Once you have the fully rendered HTML content from Scrape.do, you can parse it using libxml2 or gumbo-parser (as described in the previous sections). The fetched content is stored in the chunk.memory buffer, and you can pass this to your parsing functions.

For example, after fetching the content, you can directly parse it like this:

// Parse the fetched content using libxml2parse_html(chunk.memory);

Or, if you’re using gumbo-parser:

// Parse the fetched content using gumbo-parserparse_html_with_gumbo(chunk.memory);

Advantages of Using Scrape.do

  • JavaScript Rendering: Scrape.do handles JavaScript-heavy websites, returning fully rendered HTML, which is crucial for modern web scraping.
  • Simple API: Scrape.do provides a simple, reliable API, so you don’t need to set up a headless browser or complex infrastructure.
  • Integration with C: Using libcurl makes it easy to integrate the Scrape.do API into a C-based scraping workflow, allowing you to handle dynamic content while maintaining C’s performance benefits.

By integrating Scrape.do with libcurl, you can easily handle dynamic content generated by JavaScript in your C-based web scraping tasks.

Efficient Memory and Error Handling

When scraping large web pages or handling numerous requests, efficient memory management and robust error handling are critical for ensuring that your program can handle large-scale data without crashing or exhausting system resources.

Handling large responses, especially when parsing extensive HTML files, requires careful memory management. Two key considerations are static memory allocation versus dynamic memory allocation:

Static Memory Allocation

Static memory allocation involves declaring fixed-size arrays for storing data. While this approach is simple and can prevent memory fragmentation, it may be impractical for web scraping due to the unpredictable size of responses.

char buffer[1024]; // Static memory allocation with a fixed buffer size.

However, if the response exceeds 1024 bytes, this approach could either result in data truncation or force you to use a very large buffer, which wastes memory.

Dynamic Memory Allocation

Dynamic memory allocation is much more flexible and efficient for handling large or unpredictable response sizes. It allows the program to allocate memory as needed, using functions like malloc(), calloc(), and realloc().

// Initial dynamic memory allocation
char *buffer = (char *)malloc(1024 * sizeof(char));

// Reallocate memory if more space is needed
buffer = (char *)realloc(buffer, new_size * sizeof(char));

Dynamic allocation helps you adjust memory usage based on the actual size of the response, minimizing waste.

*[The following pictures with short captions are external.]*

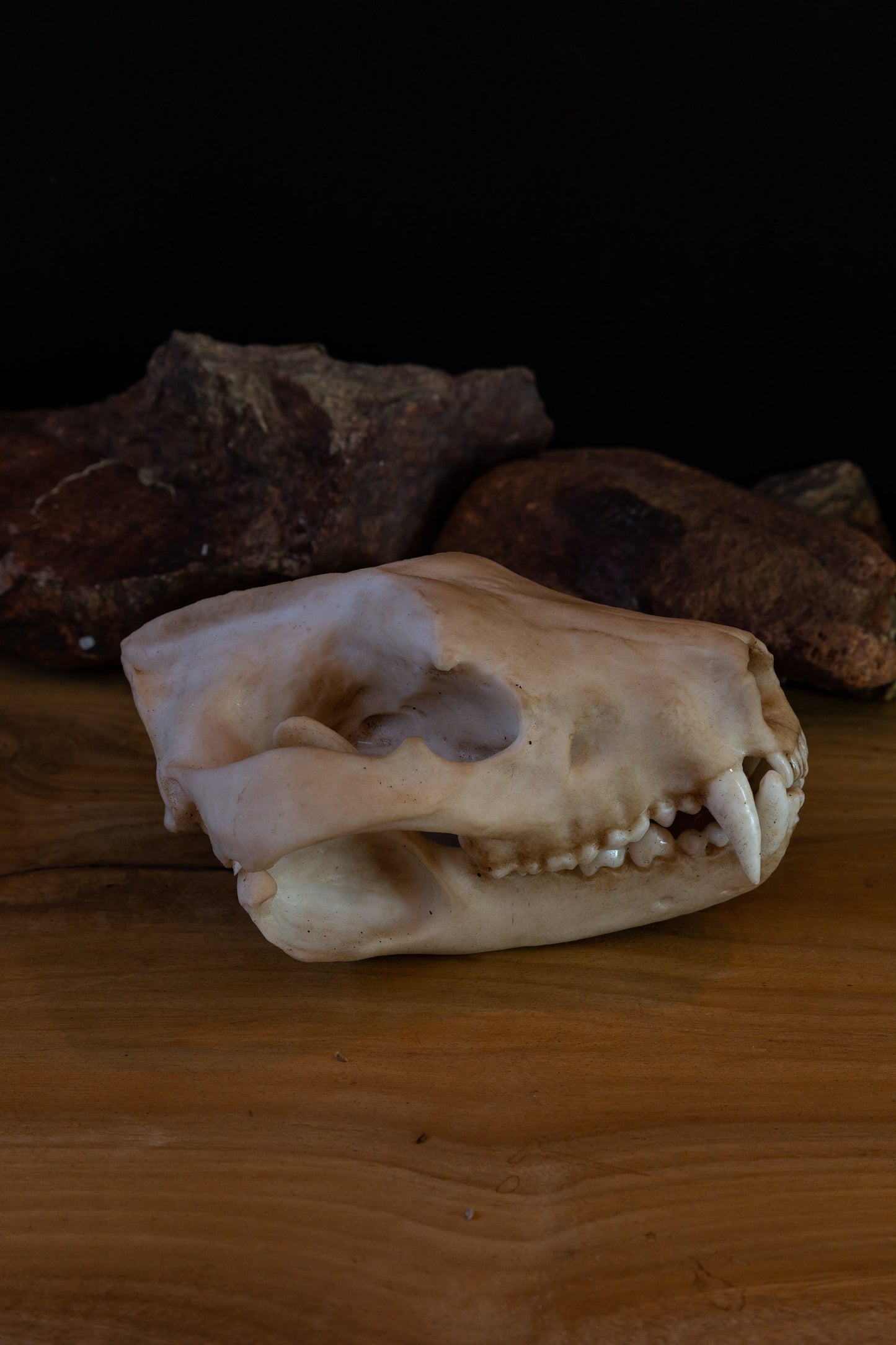 Tasmanian Devil life sized Skull - Replica - High Quality - FREE delivery world wide!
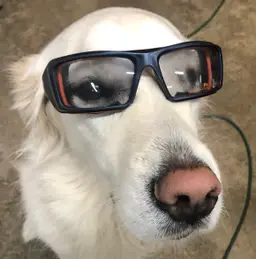 Ed - MossyPotsNursery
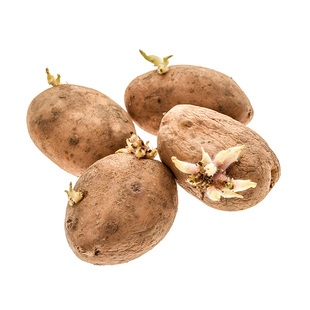 黄心土豆种子带芽秋冬播马铃薯种子恩施富硒小土豆种子批发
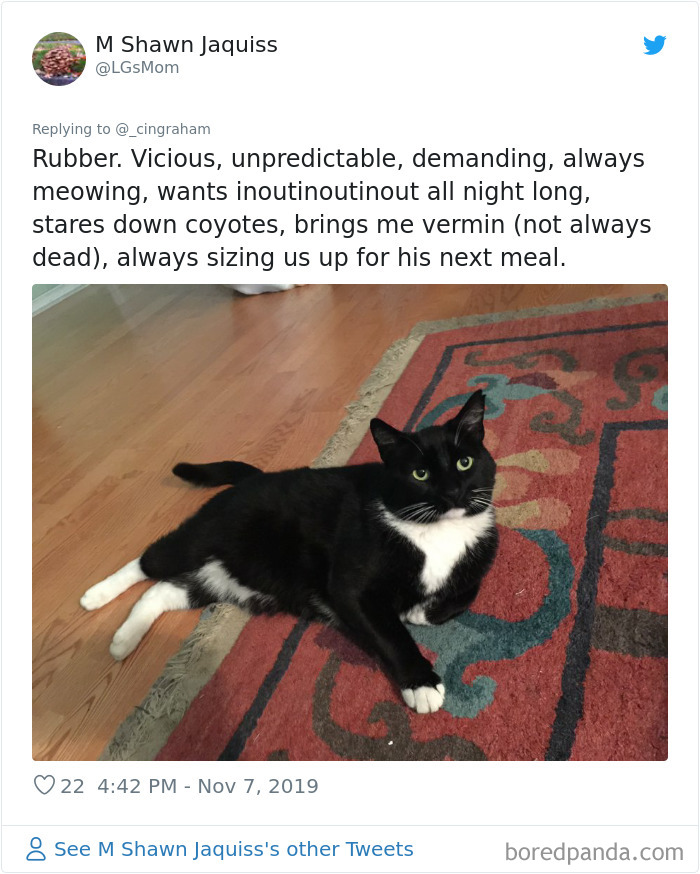 World-Worst-Cats-Christopher-Ingraham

However, you need to handle memory carefully to avoid leaks and ensure that allocated memory is properly freed.

Handling Out-of-Memory Scenarios

In situations where the system runs out of memory, failing to handle the condition gracefully can cause the program to crash. When using dynamic memory allocation, always check if the memory allocation was successful, like this:

char *buffer = (char *)malloc(1024);
if (buffer == NULL) {
fprintf(stderr, "Error: Out of memory!\n");
return 1; // Exit or take recovery steps
}

Error Handling and Recovery Strategies

Web scraping is often error-prone due to network issues, server errors, rate limiting, or timeouts. Designing error-handling strategies that can recover from failures is essential for reliable scraping.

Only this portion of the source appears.